CUB warns consumers: Beware green power offers

The consumer advocate urges people who want to help the environment to consider alternatives to “100 percent green” offers from power suppliers.

By Steve Daniels, Crain’s Chicago Business. August 29, 2018

Caveat emptor. That’s the message from Chicago’s leading consumer advocate on energy costs to residents who want to improve the environment and are signing up with green-power providers to do so.

The Citizens Utility Board, in a “consumer alert” yesterday, said there are better ways for consumers to put their money where their environmental hearts are than to sign up with electricity marketers peddling “100 percent green” power. The warning comes as the group reports getting more questions from consumers about these offers amid rampant confusion in the marketplace.

“It can be very difficult to figure out if you’re paying what you should be paying for what you’re getting,” CUB Executive Director David Kolata said in an interview.

The warning comes after a piece I wrote last week about my retired north suburban parents signing up with an outfit called CleanChoice Energy and unknowingly paying over $600 more than they would have with Commonwealth Edison over a period of just 17 months. In that period, their monthly price for electricity fluctuated wildly without warning and for fourth months touched 14.8 cents per kilowatt-hour, more than double ComEd’s comparable price at the time and far exceeding what would be a normal additional cost for renewable power.

“The story you wrote about your parents is eye-opening,” Kolata told me. He said CUB hears similar tales frequently.

Providers like CleanChoice purchase “renewable energy certificates,” or RECs, from operators of wind and solar farms in addition to electricity on the wholesale market to be able to claim their offers are 100 percent green. Costs for those RECs can vary based on where they’re sourced. But they generally don’t exceed 0.5 cents per kilowatt-hour (people can buy their own RECs for that cost online) and usually are less. Add that amount to ComEd’s price, and the cost is about 8 cents currently.

CleanChoice last week explained the extraordinarily high price it charged my parents as being due to volatility in energy markets. But while wholesale power prices have risen some in recent years, they’ve increased nothing like the 70 percent my parents experienced.

A CleanChoice representative didn’t respond to a request for comment on CUB’s warning.

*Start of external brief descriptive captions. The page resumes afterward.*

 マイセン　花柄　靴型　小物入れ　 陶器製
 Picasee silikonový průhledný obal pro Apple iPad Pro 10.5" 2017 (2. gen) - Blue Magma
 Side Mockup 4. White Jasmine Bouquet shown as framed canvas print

“Signing up for a ‘green’ plan does NOT mean your home will be directly powered by solar or wind energy,” CUB said in its alert. “When you turn on the TV or charge your cellphone, there’s no way to guarantee that the electricity is coming from renewable energy. The power grid is constantly being fed by thousands of sources, from coal plants to wind and solar farms.”

Appealing to consumers’ desire to improve the environment is a highly effective way for retail electricity suppliers to convince customers to pay too much for electricity, Kolata said. In a statement, he added, “Green plans are a legitimate choice for consumers who fully understand what these offers are, but nobody should think that they have to pay more on their electric bills to protect the planet.”

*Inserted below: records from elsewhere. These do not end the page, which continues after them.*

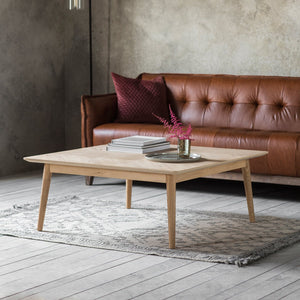 Odette Square Oak Coffee Table in Natural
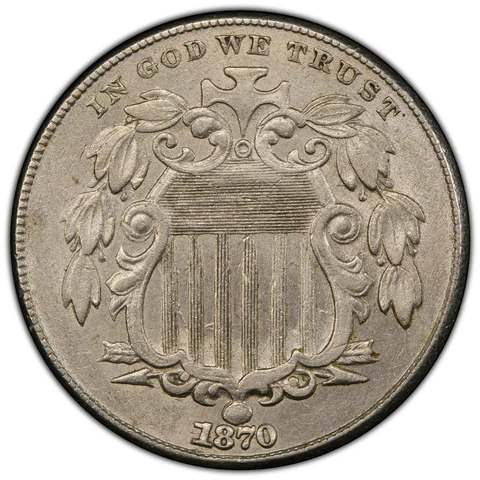 1870 5c PCGS AU FS-301 ~ SHIELD NICKEL WITH RARE INDIAN CENT MULE DIE CLASH Cover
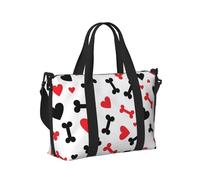 Mexpekil Hearts Dog Bones Travel Duffel Bag Waterproof Sports Gym Bag Large Weekend Overnight Bags for Women Men Foldable Carry On Luggage Tote Bag for Flight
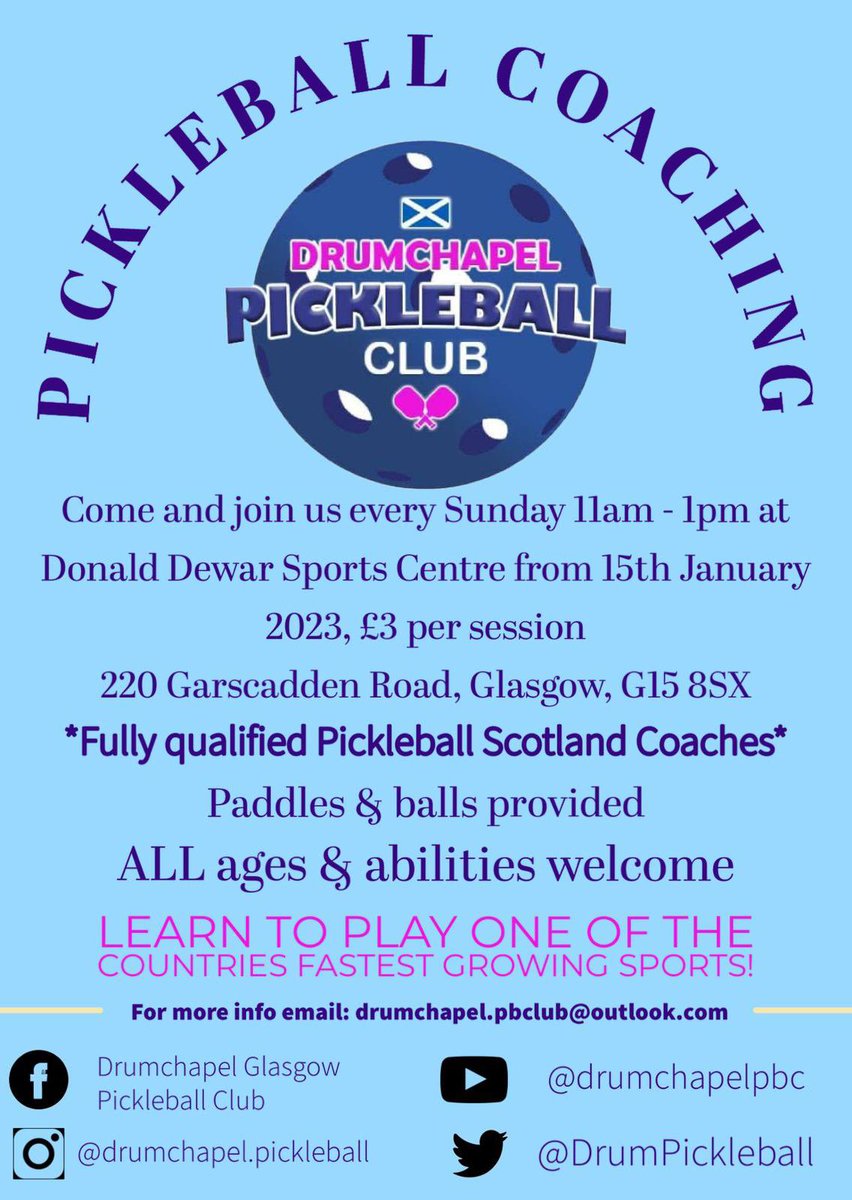 Do you fancy trying something different in the new year? We have pickleball coaching every Sunday 11:00-13:00 starting from 15th January 2023 in the Donald Dewar Leisure Centre lead by <a href="/PickleballScot1/">Pickleball Scotland</a> qualified coaches. Everyone welcome!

Better ways to help, CUB advised, include investing in home improvements that cut back on power consumption.

Additionally, offers in the Chicago area will be coming in the next year or so for residents to invest in “community solar” projects, solar farms built on vacant parcels in denser urban and suburban areas that will accept subscribers, who in return can get a credit on their electric bills.

And some consumers should consider opting for “real-time pricing,” which prices electricity by the hour and in recent times has provided significant savings, Kolata said.